The 2.4L Theta II MPi engine (G4KE) has a 10.5:1 compression ratio, and it produces 178–179 PS at 6,000 rpm and 23.2–23.5 kgm of torque at 4,000 rpm.

- Applications
- Hyundai Azera (HG) (2013–2016)
- Hyundai Grandeur (TG) (2008–2011)
- Hyundai Santa Fe (2010–2020)
- Hyundai Sonata (2007–2019)
- Hyundai Tucson/ix35 (2010–2020)
- Kia Cadenza (2009–2019)
- Kia Forte (TD) (2008–2012)
- Kia Optima (2008–2019)
- Kia Rondo (2008–2013)
- Kia Sportage (2011–2021)
- Kia Sorento (2009–2020)

====2.4L FR MPI (G4KG) ====
The 2.4L Theta II FR MPi engine (G4KG) is for RWD applications and has a 10.5:1 compression ratio, and it produces 175 PS at 6,000 rpm and 23.2 kgm of torque at 4,200 rpm.

- Applications
- Hyundai Starex (TQ) (2007–2021)

====2.4L GDI (G4KJ) ====
The Theta II GDI was announced in November 2009 starting with the 6th generation Sonata, improvements include switching to GDI. Compression ratio is 11.3:1, early versions were rated at 201–203 PS at 6,300 rpm and 25.5 kgm of torque at 4,250 rpm while later versions were rated at 188 PS at 6,000 rpm and 24.6 kgm of torque at 4,000 rpm.

- Applications
- Hyundai Grandeur/Azera (2011–2019)
- Hyundai Santa Fe (2012–2020)
- Hyundai Sonata (2009–2019)
- Hyundai Tucson (TL) (2015–2020)
- Kia Cadenza (2011–2019)
- Kia KX7 (2016–2021)
- Kia Optima (2010–2019)
- Kia Sportage (2010–2021)
- Kia Sorento (UM) (2014–2020)

===Theta II Turbo===

====2.0L FR Turbo MPI (G4KF) ====
The turbo used is a Mitsubishi TD04 model, the block used is very similar to the 4B11T engine found in Mitsubishi Lancer Evolution X, however most of the rotating assembly is different, with different rod lengths, bearing sizes, and piston compression heights. Additionally the 4B11T is a semi-closed deck block, where the Theta is an open deck block.
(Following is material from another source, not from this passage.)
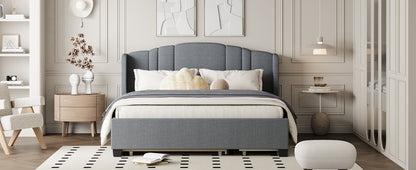 Mali Queen Size Platform Bed with Wingback Headboard - Gray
For RWD based applications, the 2.0L turbo MPI in the 2009–2012 Genesis Coupe, compression ratio is 9.5:1 and it produces 210–213 PS at 6,000 rpm and on 91 RON/87 octane (AKI) gasoline, and 226 PS at 6,000 rpm on 98 RON/93 octane (AKI). Torque remains the same at 30.5 kgm at 2,000 rpm.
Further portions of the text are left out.